Por supuesto, África es un continente plagado de catástrofes. Algunas inmensas, como las horripilantes violaciones del Congo, y otras
deprimentes, como el hecho de que en Nigeria se presenten cinco mil candidatos a una sola vacante de trabajo. Pero también hay
historias que no tratan de catástrofes y es muy importante, igual de importante, hablar de ellas. Siempre he tenido la impresión de que
es imposible conocer debidamente un lugar o a una persona sin conocer todas las historias de ese lugar o esa persona.

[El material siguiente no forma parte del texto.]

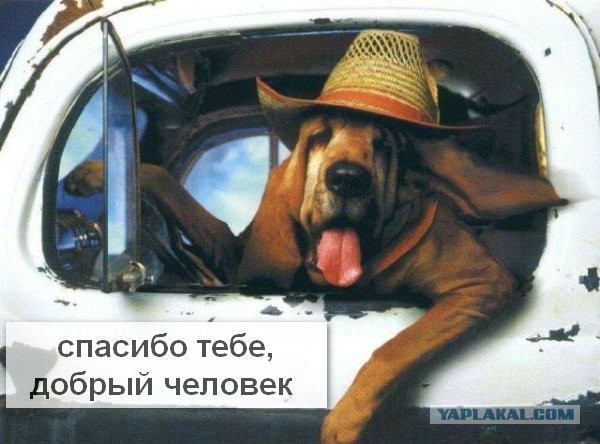 Сложно ли делать добро?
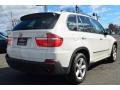 Alpine White - X5 xDrive30i Photo No. 9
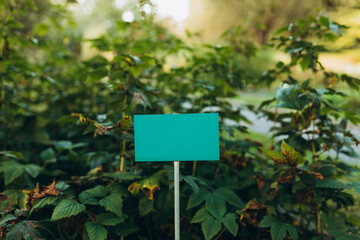 Closeup green metal sign at nature background, nameplate with a space for your text. Horizontal banner. Empty Plant Label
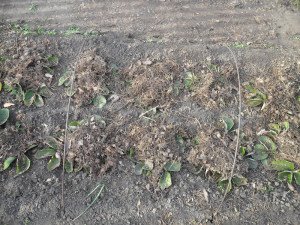 Догляд за полуницею навесні – важливі правила і підготовка до зими + відео Догляд за полуницею навесні – важливі правила і підготовка до зими + відео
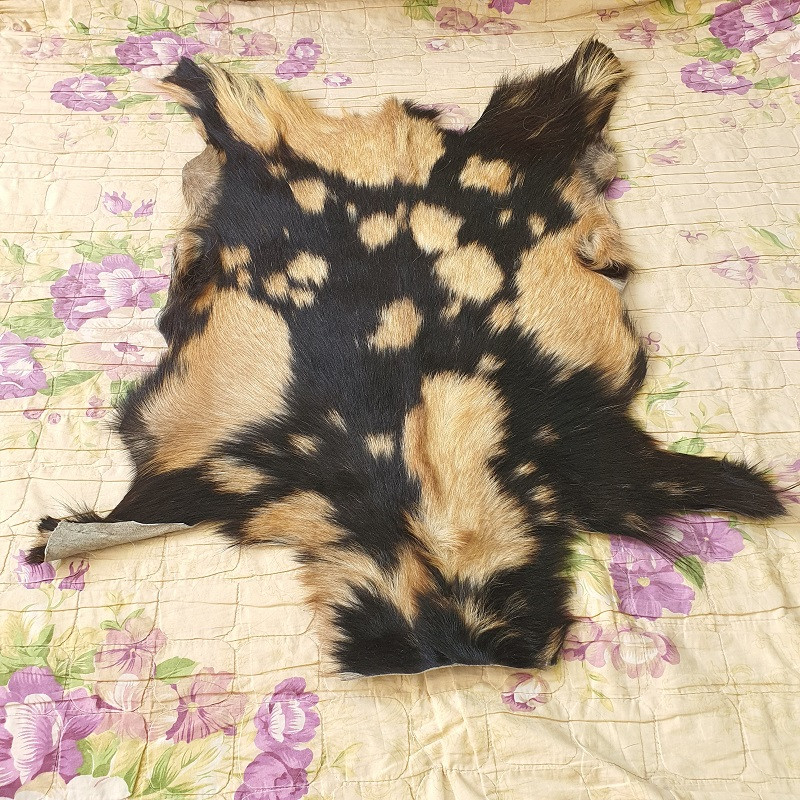 فرش پوست مدل طبیعی Nixo 8116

La consecuencia del relato único es la siguiente: priva a las personas de su dignidad. Nos dificulta reconocer nuestra común humanidad.
Enfatiza en qué nos diferenciamos en lugar de en qué nos parecemos. ¿Y si antes de viajar a México hubiera seguido el debate migratorio
desde ambos lados, el estadounidense y el mexicano? ¿Y si mi madre me hubiera contado que la familia de Fide era pobre y muy
trabajadora? ¿Y si tuviéramos una cadena de televisión africana que emitiera por todo el mundo historias africanas diversas?
Me gustaría terminar con una reflexión: que cuando rechazamos el relato único, cuando comprendemos que nunca existe una única
historia sobre ningún lugar, recuperamos una especie de paraíso.